Your Hindu friend, your Muslim mate, your atheist pal – all of them are created in God’s image and have inherent worth and dignity.

Obviously it would be best if they also followed Jesus, but they are not worth less because they don’t. Jesus died for all of us before we became Christians.

If you limit yourself to only Christian friends, you’re cutting yourself off from the beauty and wonder that is in all humans – uniquely created and special.

Our non-Christian friends can be funny, creative, loving and inspiring, because they too are created in the image of God. That’s a lot of good stuff to enjoy!

We are called to love everyone

In Matthew 23, Jesus tells his followers that the second greatest commandment is for us to love our neighbours as ourselves.

So who is our neighbour?  Well an enthusiastic man asks Jesus this question in Luke 10, and in response Jesus tells the story of the Good Samaritan.

The Samaritan and the man who he helps are of different faiths, but Jesus uses them as an example of the love and care we are meant to show to each other.

Now, loving everyone doesn’t mean we have to be friends with everyone! There are some people we will show Christlike love to even though they aren’t technically our friends.

But given that love is a major component of friendship, becoming friends with non-Christians is a great way to love them.

It’s a great opportunity to show and share the gospel

Surveys show that there are many non-Christian people in Australia who don’t know even one Christian – and we’re a fairly Christian country!

When you become friends with a non-Christian, you may be the person they look to as an example of what it means to follow Jesus. You’re the one they’ll think of when Christians are mentioned in the media or when one of their other friends criticizes Christianity.

That’s a big responsibility, but it’s also a great reason to invest in these friendships! When you follow Jesus faithfully in front of others, they will witness your faith and love and therefore see Jesus in a more positive light.

Plus, the context of friendship is a great place to have more intentional conversations about Jesus. Just be careful that your friend doesn’t think the only reason you’re hanging out with them is to convert them!

A quick warning

Now having said all that… we do need to be a little careful when becoming friends with non-Christians.

Often, non-Christians will have different ideas of what is right and wrong to us. That doesn’t mean we need to cut them out of our lives, but we may need to be prepared to stand up and say ‘no’ if they want us to do something we aren’t comfortable with.

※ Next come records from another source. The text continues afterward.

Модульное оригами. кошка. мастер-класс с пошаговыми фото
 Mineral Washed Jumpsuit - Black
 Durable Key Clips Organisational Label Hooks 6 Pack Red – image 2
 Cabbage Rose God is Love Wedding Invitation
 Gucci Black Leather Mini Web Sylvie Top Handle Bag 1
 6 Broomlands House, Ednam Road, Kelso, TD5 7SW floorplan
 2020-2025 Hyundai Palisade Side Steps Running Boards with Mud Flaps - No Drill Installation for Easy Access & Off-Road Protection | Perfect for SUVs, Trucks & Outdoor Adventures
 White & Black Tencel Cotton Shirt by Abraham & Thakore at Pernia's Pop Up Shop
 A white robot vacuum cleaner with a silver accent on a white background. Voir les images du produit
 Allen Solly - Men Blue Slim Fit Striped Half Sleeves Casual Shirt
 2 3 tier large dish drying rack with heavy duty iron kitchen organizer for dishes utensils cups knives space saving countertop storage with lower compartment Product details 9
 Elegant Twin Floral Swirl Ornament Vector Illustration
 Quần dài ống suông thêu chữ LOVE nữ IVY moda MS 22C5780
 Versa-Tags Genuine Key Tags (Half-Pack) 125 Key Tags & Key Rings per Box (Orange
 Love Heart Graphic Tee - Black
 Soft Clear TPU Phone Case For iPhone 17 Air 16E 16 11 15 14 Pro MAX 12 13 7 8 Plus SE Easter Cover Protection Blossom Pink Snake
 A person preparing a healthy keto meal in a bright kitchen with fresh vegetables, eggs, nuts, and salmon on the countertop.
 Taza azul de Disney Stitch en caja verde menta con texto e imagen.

Additionally, it is often said that you are the average of the five people you spend the most time with. If all your close friends are non-Christians, it’s possible that you could struggle to maintain your faith and keep sticking up for what God says is good and right.

So what’s the solution? Well, have lots of non-Christian friends, but also have lots of Christian friends!

Attending church or youth group is a great way to make Christian friends who will check in with you, encourage you in your faith, and who will understand what you’re going through.

Friendship is a wonderful thing, but as with all parts of life, being a Christian means we need to approach it in a slightly different way.